Ülke gündeminin uzun süredir açlık duyduğu türden bir gelişmeyle kapattık 2019 yılını. Dolaşıp duran bir söylentiydi. Ne olacağına dair bir fikre sahip olunmasa da zaman zaman sohbetlerde kendine yer edinen bir tartışma konusuydu. Olayın bilinmez yanı, hakkında üstü kapalı şekilde verilen iddialı demeçler oluşan merakı körüklüyordu… derken çıktı karşımıza “milli gururlar” listemizin en yeni üyesi, TOGG.
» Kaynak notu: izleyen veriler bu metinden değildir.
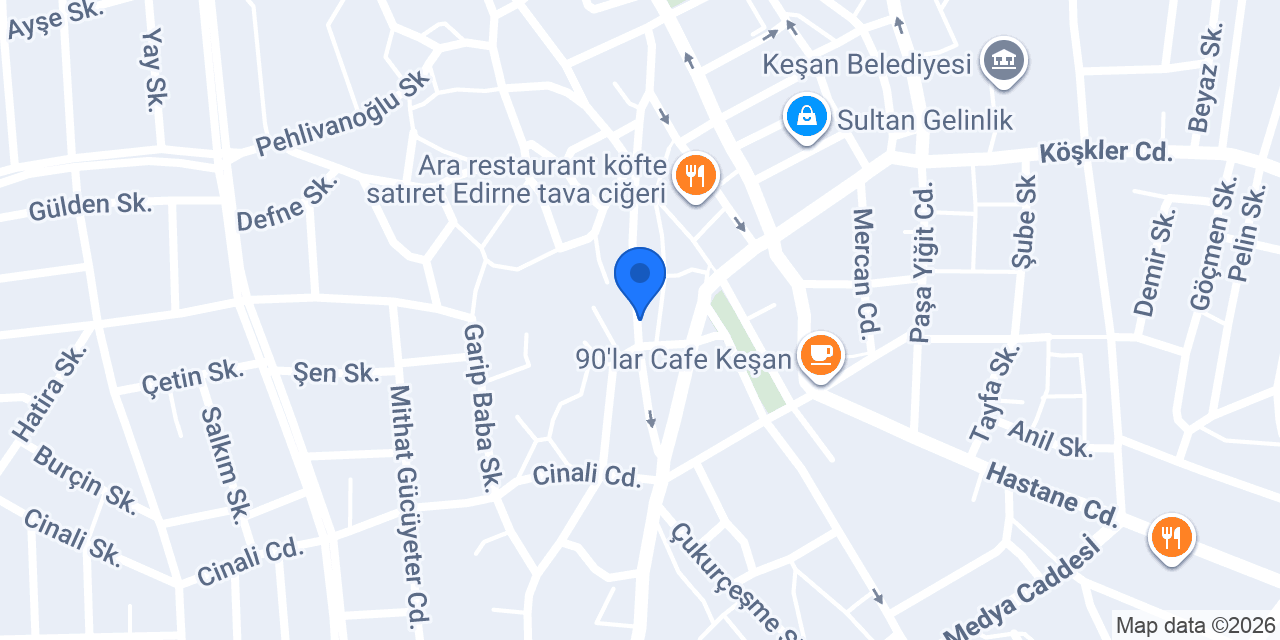 Keşan İşkembecisi konumu
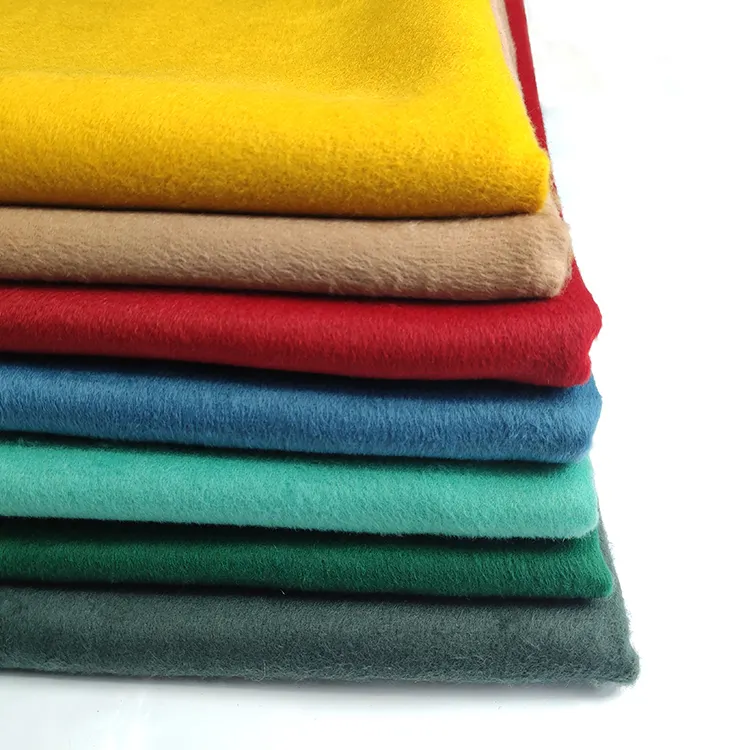 Wholesale recycled 30 wool 70 polyester double sided smooth wool fabric for coats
Reddetmesi biraz zor olsa gerek, sanırım görseliyle ilk karşılaştığımızda hepimiz oldukça şaşırdık ve de çok beğendik. TOGG hem tasarım bakımından hem de teknik özellikleri açısından beklentilerin fazlasıyla üzerindeydi. Güzel haberler, gurur duyulacak, özgüvenli hissedeceğimiz gelişmeler konusundaki yoksunluğumuz adeta bir günde son buldu ve TOGG kısacık bir zaman içerisinde milli bir kahraman imgesi haline geldi. Etkileyici tanıtım filmi, iddialı özellikleri ve çarpıcı tasarımı TOGG’un ilgilerin ve övgülerin odağı olması konusunda gayet başarılı olmuştu.
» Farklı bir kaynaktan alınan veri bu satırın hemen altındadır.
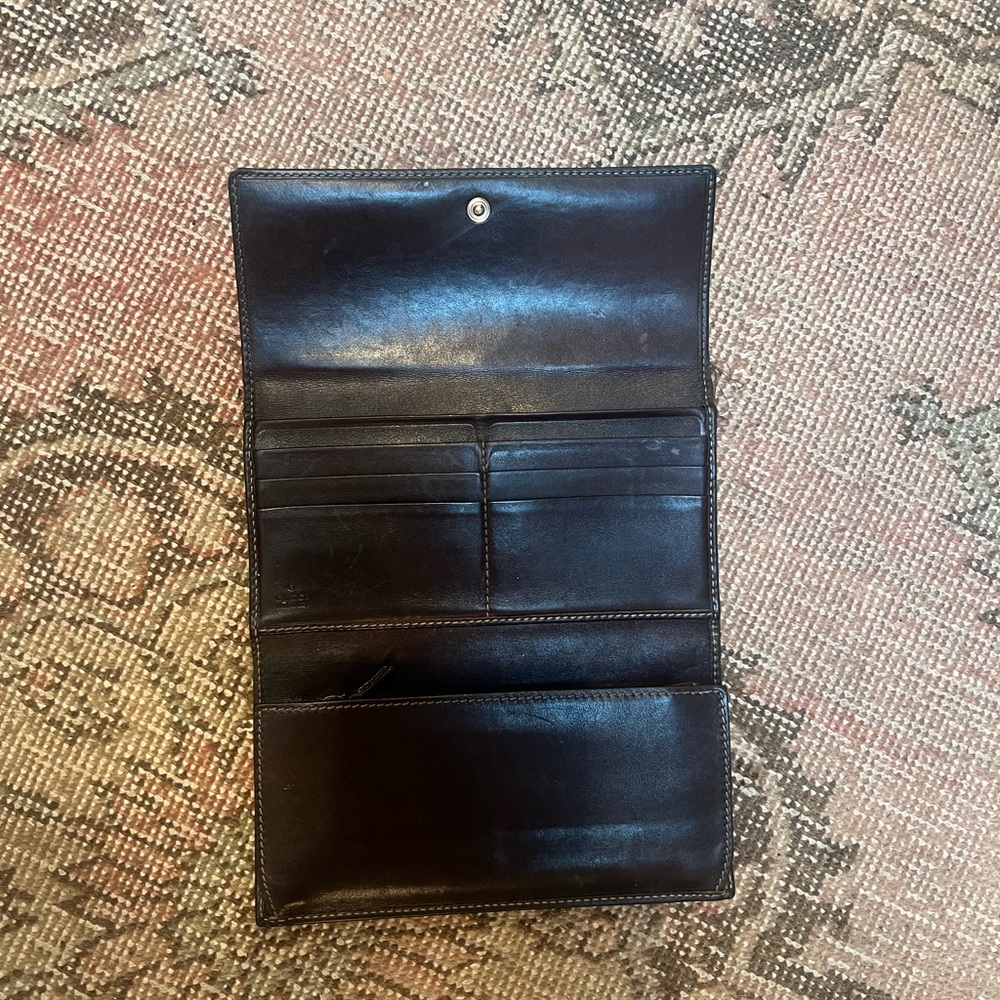 Vintage GG Canvas Continental Wallet !!! Authentic Gucci wallet !!! - Picture 4 of 13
TOGG’un tanıtımı ülke gündemini çeşitli kollardan ilgilendiren bir hadise. Bu yüzden değerlendirmesi ve tartışması yapılırken oldukça kapsamlı bir araştırma süreci gerekiyor ve aynı zamanda cevaplanması gereken, birbiri ardından gelecek olan sorular silsilesi de hiç azımsanmayacak düzeyde. Bu yüzden, şunu belirtmemde fayda var ki bu yazıda TOGG’a olabildiğince ekonomik bir çerçeveden yaklaşıp birtakım uzman görüşlerinin de desteğiyle bir değerlendirme yapmayı amaçlıyorum. Takdir edersiniz ki teknik, siyasi, çevresel vb. boyutları hakimiyet alanımın ve yetkinliğimin dışına çıkmakta…
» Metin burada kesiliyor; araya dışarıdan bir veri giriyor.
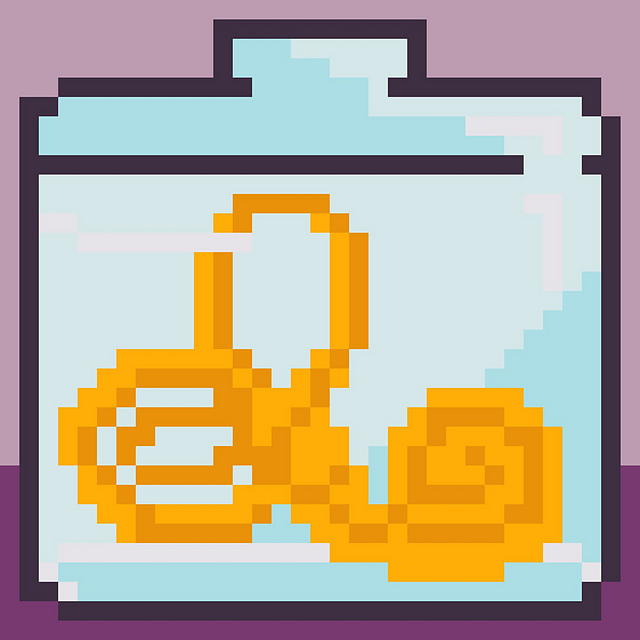 Cochlea (Inner Ear) in a Jar Tapestry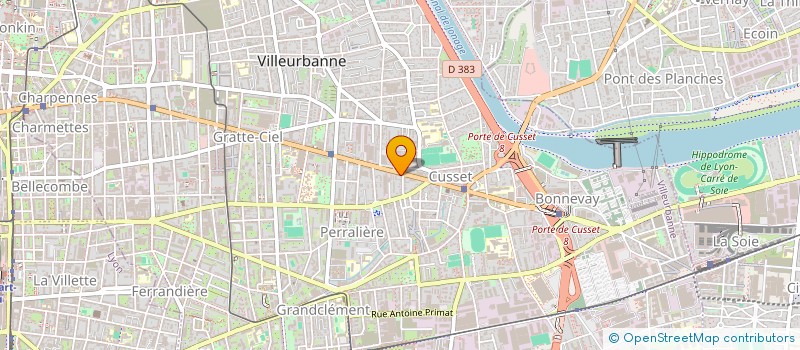 localisation de l'entreprise MADAME PASCALE PRUNIAUX  VILLEURBANNE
Gelelim TOGG’un yarattığı izlenimlere ve uzmanların ilk görüşlerine. TOGG’un şüphesiz ki bizi en çok ilgilendiren kısmı “yerli ve de milli” oluşu, en azından bu şekilde lanse edilişiydi. Yerli ve milli olarak da kendimize olan güvenimiz çok üst seviyelerde olmayacak ki TOGG’un yaratmış olduğu ayakları yerden kesen ilk izlenimin arka planı hemen bir şüphecilikle irdelenmeye başlandı. Sonuçta ortaya çıkan savlardan en önemlisi aracın tasarımının İtalyanlar tarafından yapıldığı veyahut daha önceden Hong Kong’da bir otomobil fuarında oldukça benzeri bir tasarımın görücüye çıktığıydı. Yani söylentilere göre TOGG yeteri kadar yerli ve milli değildi. Bu tür iddialar TOGG’un CEO’su Gürcan Karakaş tarafından açıklığa kavuşturuldu: TOGG’un tasarımı ve üretimi ilk olarak İtalya’da yapılmış olsa da planlanması ve karara varılması bir birlik içerisinde, hedef kitlenin beğenileri ve kriterleri doğrultusunda özgün olarak gerçekleştirilmişti. Seri üretime geçildiği andan itibaren de yurtdışına bağımlılığı minimuma inecekti.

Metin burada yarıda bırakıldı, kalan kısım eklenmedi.